Xavier Mellery (1845-1921)
The painter, draftsman and illustrator Xavier Mellery is the perceived precursor of Belgian Symbolism. During his academic years Mellery committed himself to the study of nature, antiquities and historical composition for which he won the Prix de Rome in 1870. Spellbound by the many frescos he encountered in Italy, he aspired to create a peinture d’idées without abandoning realism: this would become his lifelong artistic goal and the basis of his symbolist work. His involvement in the Salon Pour l’Art and Les XX, and contact with Octave Maus and Émile Verhaeren, confirm his contribution to the symbolist movement.
In his intimistic works, starting around 1885, Mellery expresses his search for the meaning of things. The subjects of these drawings are loneliness and silence and often are situated in monasteries, empty corridors, or the artist’s own home. Living beings and their surroundings blend in and the lack of use of color enhances the intimate character of the scenery. Mellery titled these works Emotions d’Art: L’Âme des Choses (artistic emotions: the soul of things). While Mellery continued to create meditative scenes, the Church at Leersum is an example of his monochrome moody realism. Portraying the inner life of things, the meditative silence, achieved through the use of a limited palette and subdued coloring, Mellery shrouds the mundane of this house of worship with mystery.

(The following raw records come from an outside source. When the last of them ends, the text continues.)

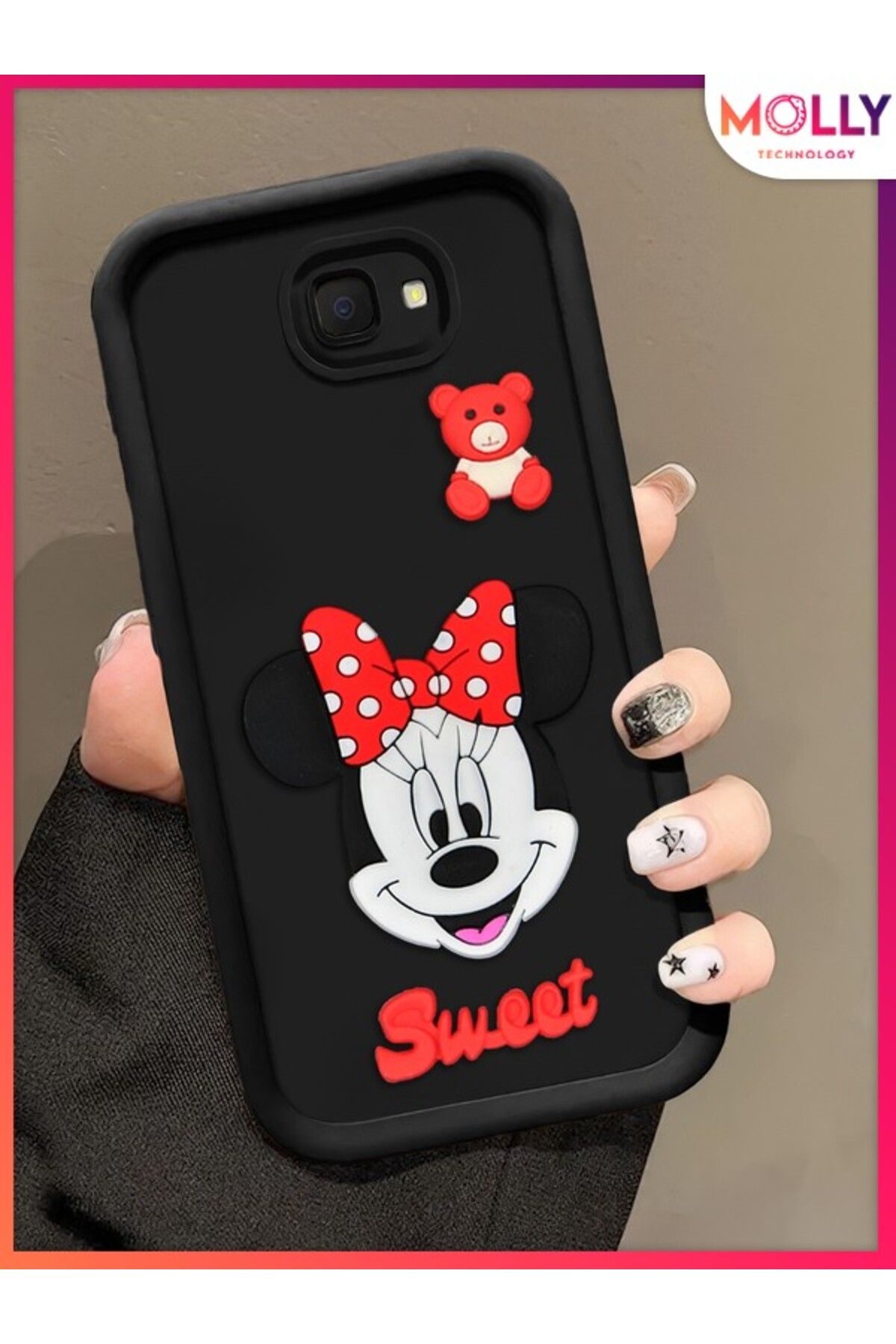 Molly Samsung Galaxy J4 PLUS Için Siyah Kenarları Kalın 3d Kabartmalı Sevimli Minnie Silikon Kılıf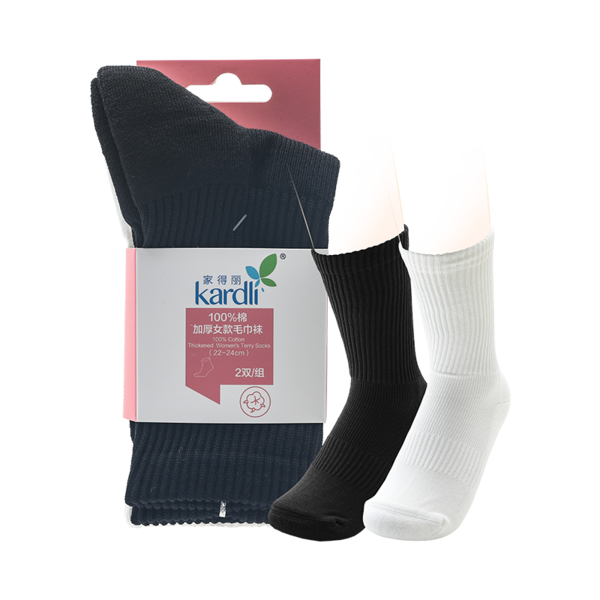 (Кол-во в коробке 100 шт)KARDLI Утеплённые полотенчатые носки из 100% хлопка / женские / чёрный + белый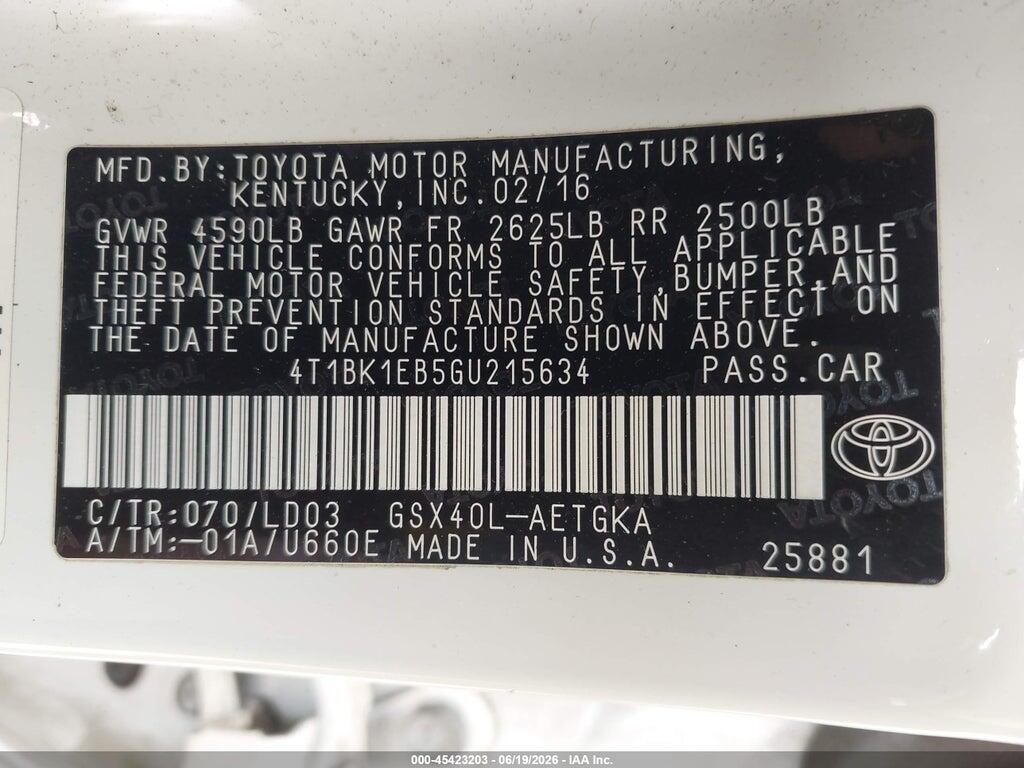 4T1BK1EB5GU215634 2016 TOYOTA AVALON photo no. 9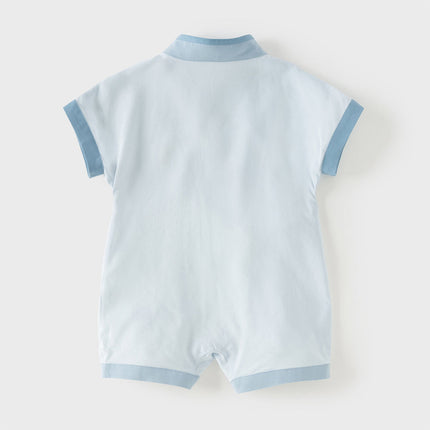 Baby Boys Summer Blue Chinese-style V-Neck Lightweight Rompers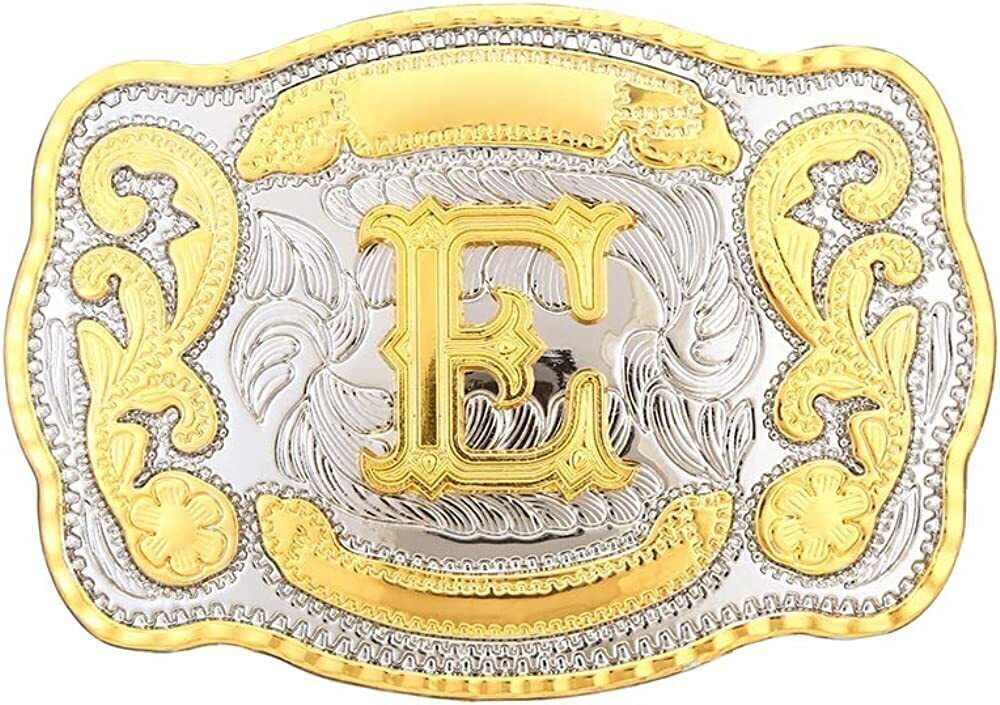 2731 Belt Buckle Initial Letters ABCDMRJ to Z Cowboy Rodeo Small Gold Belt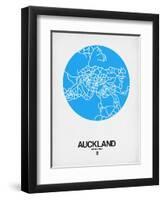 Auckland Street Map Blue-NaxArt-Framed Art Print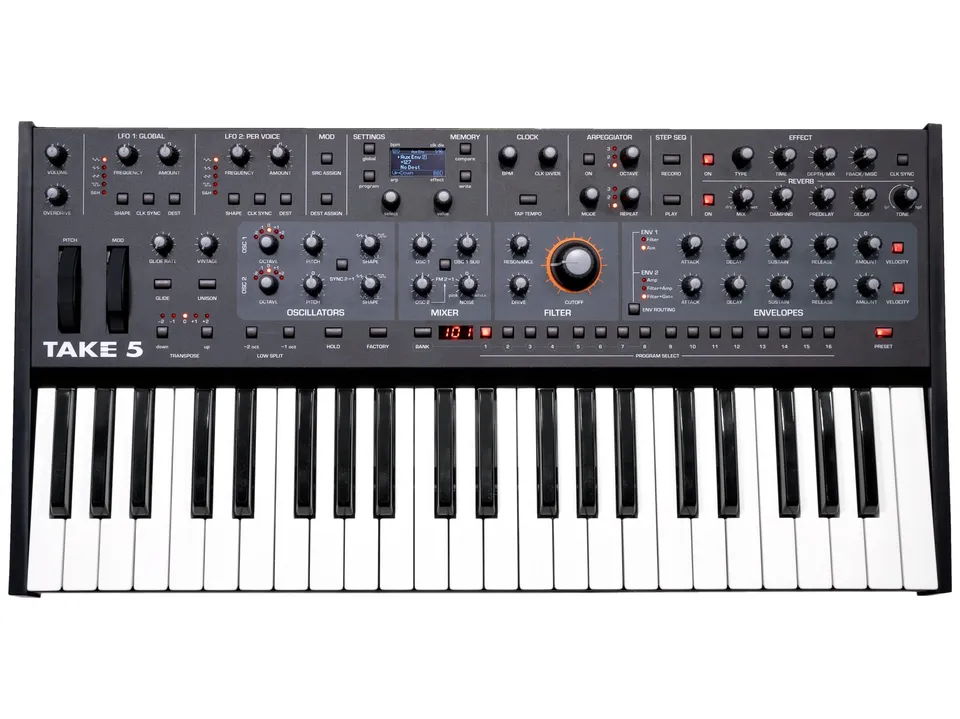 sequential-take-5-clavier-synth-tiseur-polyphonique-compact-5-voix-vco-vcf image 1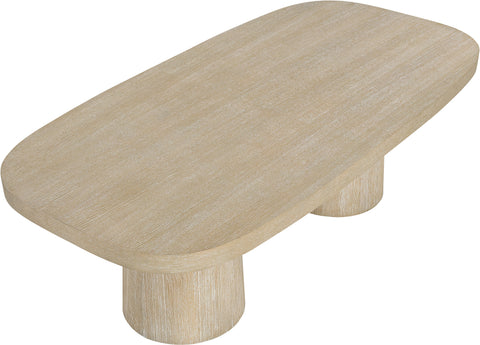 Yara 95.5" Natural Solid Wood And Oak Veneer Dining Table, 1 Piece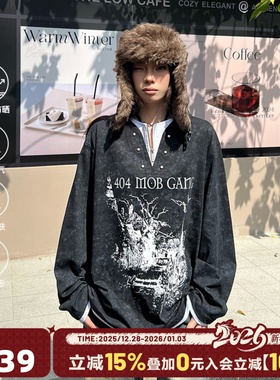 404MOB秋季新款亨利领长袖T恤男女美式复古印花半拉链假两件卫衣
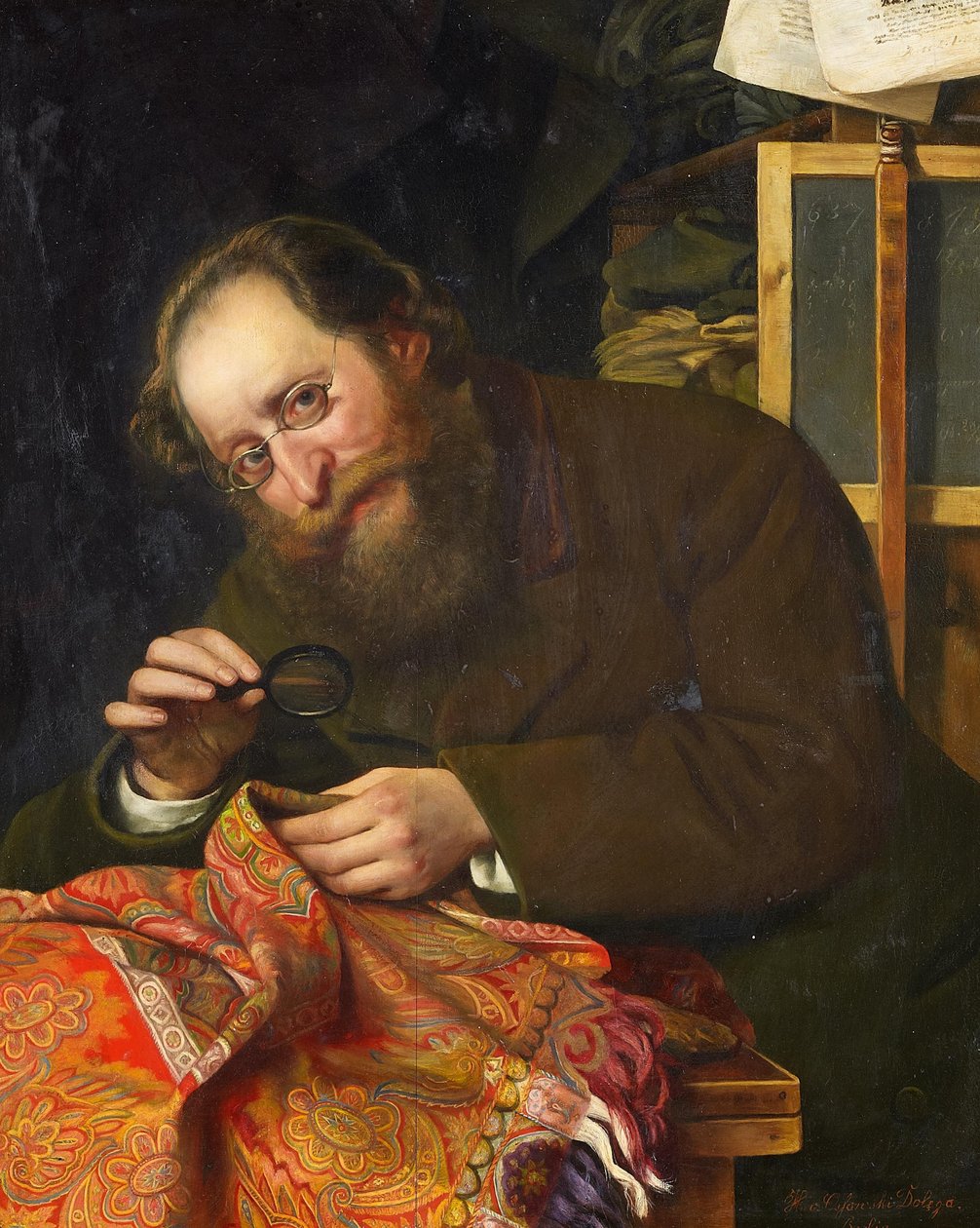 Retrato, de, um, barbudo, cavalheiro, estudar, um, tapeçaria, com, lupa de H. von Ossowski Dolega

Church at Leersum is an example of Mellery’s portrayal of a house of worship in typical monochrome moody realism. In an exaggerated palette, concealing the time of day, Mellery converts the ordinary church to an enigmatic haunt. The open gate summons the visitor into a magical place of devotion, while the general tendency at the time moved towards secularism. Exteriors in villages or the countryside, void of any human presence, reoccur in Mellery’s drawings. Never dated or annotated, it is difficult to establish a chronology or the whereabouts of his frequent travels but the facades depicted certainly have the quality of an architectural portrait.